A decade ago, as a teenager, Dieter Tejada got into trouble with the law and spent several months behind bars after pleading guilty on an assault charge.
For Tejada, the experience sparked an interest in the legal profession and in improving the legal system.
“I started to see that there were a lot of people who got screwed over a lot worse than I did,” Tejada told Law360 last year. “So I decided I was going to go to law school.” After leaving prison, he earned a bachelor’s degree from the University of Connecticut and a law degree from Vanderbilt University.
But Tejada, now 29, still can’t practice law, despite passing the Connecticut bar exam.

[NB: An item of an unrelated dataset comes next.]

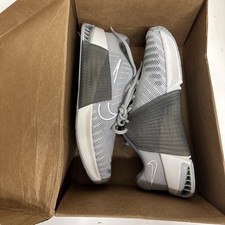 Rozmiar 8,5 - Nike Metcon 9 jasnosmokie szare na sprzedaż  Wysyłka do Poland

Bar examining committees in many states, Connecticut among them, include a “character and fitness assessment” that often disqualifies people with criminal records from obtaining a law license.
To lower that hurdle, Tejada is planning to launch the National Justice Impact Bar Association (NJIBA)—a voluntary group for “justice-impacted” people who want to practice law—and a second nonprofit called the National Justice Impact Movement, which will share stories of people whose lives have been negatively affected by the justice system.
“This is going to be the first legal access point into the field for people with the background and experience of dealing with the justice system,” Tejada told the CT Mirror.
Legal experts have expressed interest in the cause, which they say would help diversify the legal profession. Christine Perra Rapillo, Connecticut’s chief public defender, told the outlet that lawyers with experience in the criminal justice system would help in criminal cases.
Debbie Mukamal, executive director of the Stanford Criminal Justice Center at Stanford Law School, agreed that an insider perspective on the criminal justice system would be valuable to the profession.
“I think this is a time when we are recognizing the effects of mass incarceration and recognizing the unique role that formerly incarcerated people can and should be playing in addressing reforms in the criminal justice system,” Mukamal told Law360. “So as we’re seeing that these people should be at the table and should be part of creating solutions to fix some of these issues, these questions are coming to the fore.”
In comments to CT Mirror, University of Connecticut law professor Miguel de Figueiredo noted that people like Tejada have shown a high level of tenacity. “Oftentimes the people who do get through all those hoops are going to be pretty strong lawyers,” he said.
Tejada told the outlet that he is working on getting NJIBA incorporated.